My grandmother had even heard of 'official' Arminian theology and mentioned it once in explaining to me her rejection of predestination. The term stuck in my head, but I hadn't seen it written down, so I later confused it with Armenian Christianity as my knowledge increased beyond my understanding, so I imagined in my sophomoric views that the early theologian Pelagius (born 354), who emphasized free will, was an Armenian and that his theology had so influenced the Armenian Church that Pelagianism came to be known as Armenianism.

Eventually, sometime after my sophomore year, I got that point straightened out.

Anyway, as I was saying, I've noticed more Calvinist among Southern Baptists these days, and my anecdotal impression has now been confirmed through an article in Christianity Today by Ken Walker, "TULIP Blooming" (1/17/2008), which reveals the following fact:
Although only 10 percent of SBC pastors identify themselves as Calvinists, nearly 30 percent of recent seminary graduates do.
The influence of these new graduates on the Southern Baptist Convention (SBC) is already being felt:
Long considered more Arminian in orientation -- emphasizing an individual's need to respond to the gospel rather than God's election in salvation -- the nation's largest Protestant denomination is grappling with doctrines of grace and election amid a seminary-led revival.
I suppose that I'll be hearing more about this issue in the years ahead, so I'd best start boning up on the predestinarian and free-will theologies of Calvin and Arminius, respectively. In fact, one of the leaders of the Bible study class that I attend at Seoul International Baptist Church (SIBC) is a Calvinist, and he's a very well-informed, interesting individual.

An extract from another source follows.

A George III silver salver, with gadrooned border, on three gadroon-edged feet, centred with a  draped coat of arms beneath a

This man regularly refers to God's "sovereignty," a theological point that I've often heard Calvinists emphasize in such as way as to nearly suggest theological voluntarism, an extreme view emphasizing the power of God to do anything he damned well pleases. Obviously, this would make Calvinism similar to the Medieval Nominalism of Duns Scotus or to the mainstream theology of orthodox Islam (insofar as I understand these).

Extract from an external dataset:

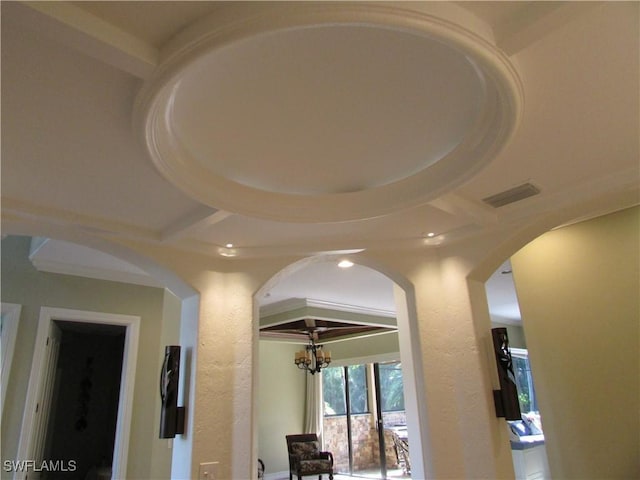 hall with an inviting chandelier, visible vents, arched walkways, a textured wall, and recessed lighting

However, the Christian philosopher Michael Sudduth, writing in his unpublished paper "Calvin and the Medieval Dialectic of Divine Omnipotence" (1997), argues that Calvin was no voluntarist, and he cites this passage from Calvin:
That Sarbonic dogma, therefore, in the promulgation of which the Papal theologians so much pride themselves, "that the power of God is absolute and tyrannical," I utterly abhor. For it would be easier to force away the light of the sun from his heat, or his heat from his fire, than to separate the power of God from His justice. Away, then, with all such monstrous speculations from godly minds, as that God can possibly do more, or otherwise, than He has done, or that He can do anything without the highest order and reason. For I do not receive that other dogma, "that God, as being free from all law Himself, may do anything without being subject to any blame for doing so." For whosoever makes God without law, robs Him of the greatest part of His glory, because he spoils Him of His rectitude and justice. Not that God is, indeed, subject to any law, excepting in so far as He is a law unto Himself. But there is that inseparable connection and harmony between the power of God and His justice, that nothing can possibly be done by Him but what is moderate, legitimate, and according to the strictest rule of right. And most certainly, when the faithful speak of God as omnipotent, they acknowledge Him at the same time to be the Judge of the world, and always hold His power to be righteously tempered with equity and justice. (Calvin, A Doctrine of the Secret Providence of God (1558) in Calvin's Calvinism: Treatises on the Eternal Predestination of God and the Secret Providence of God, tr. Henry Cole (Grand Rapids: Reformed Free Publishing Association, 1987?), p. 248)
By "Sarbonic dogma," I'm assuming that Calvin was referring to theologians associated with La Sorbonne (the University of Paris), that Medieval university founded in Paris by Robert de Sorbon in 1257, for one of its early theologians was the theological voluntarist Duns Scotus, who taught there from 1293 to 1297.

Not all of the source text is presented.